Some days the ADD kicks in and I just want to try a random joint with a random band I’ve never heard or heard of — something out of my element. So Saturday I headed out to John Jay Myers’ Free Man Cafe in Deep Ellum for some Cajun food and jazz.
When I got there, Jack Allday’s Swing Shift Band was playing the T-Bone Walker classic, Stormy Monday. Big Jim Lawrence was sitting in with the band (literally — he was singing from a stool at the bar). He switched around a couple of the verses, but even at 75, the man can still sing. The band proper has Jack Allday, 72, drums; Donnie Gililland, 74, guitar; and 50-somethings Dale McFarland, piano, and Mark Wilson, bass. Jack played in the 1950s R&B band the Nightcaps, who were a big inspiration for local heroes like ZZ Top and the Vaughan Brothers. All these guys still play around town, but as a band, they don’t get out so much anymore.

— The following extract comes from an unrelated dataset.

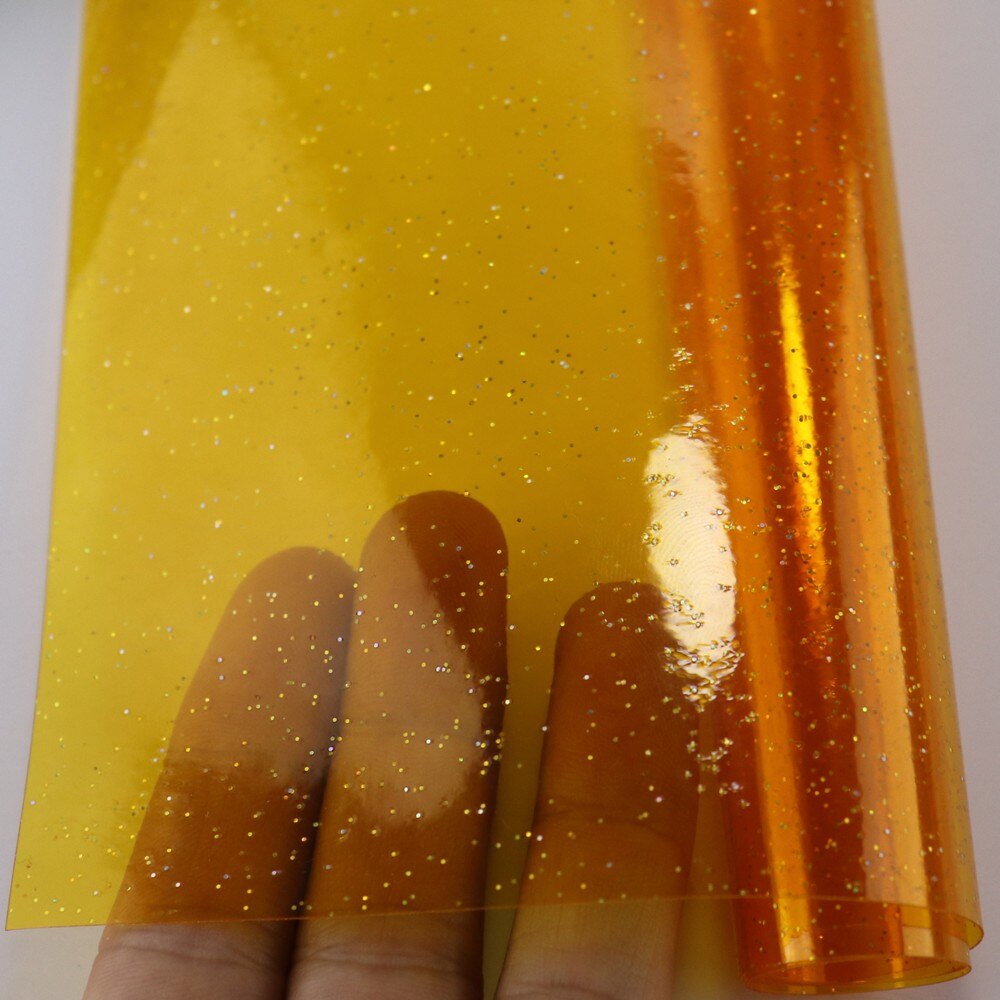 30x120cm rollen transparent Mit funkeln Pulver PVC Gelee Vinyl Stoff Leder Für HandbBages BöGen Hause Dekoration DIY: 12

“We used to do weddings,” Allday said. “Nobody hires us for weddings anymore. We’re too old.”
Well, they certainly aren’t too old to play. They tore through a number of standards such as Take the A Train, by Billy Strayhorn; Basin Street Blues, by Spencer Williams; Tequila, by the Champs; It Had To Be You, by Isham Jones and Gus Kahn; and the Tin Pan Alley hits Just a Gigolo and The Sheik of Araby.
While the band took a break, I headed out front where I ran into Funkytown’s own Scott Vernon of newly re-formed Sally Majestic and Mr. Freak of Mr. Freak and the Freak Show Band. Mr. Freak gave me a copy of his new CD, which is kind of a bizarre Libertarian thing set to metal. I still haven’t quite wrapped my head around it, but I applaud him for at least doing something political. Tim Platt does a guest vocal on the first track.
Speaking of Libertarians, back inside, John Jay Myers (the owner of the club and a well-known musician and political candidate in the Dallas scene) sat in on vocals for a couple of songs. He has a gravelly voice reminiscent of Louis Armstrong.
The Swing Shift Band puts on an amazing show. Instrumentals are tight (as would be expected from musicians of this pedigree) and Gililland is a phenomenal guitar player for any age. The old standards and the standup-bass-vintage-jazz-club-vibe was just what I was looking for Saturday.
As for the Free Man, it has that perfect Deep Ellum dive thing going on, and someone in the kitchen has figured out how to deep-fry boudin, which makes them a hero in my book.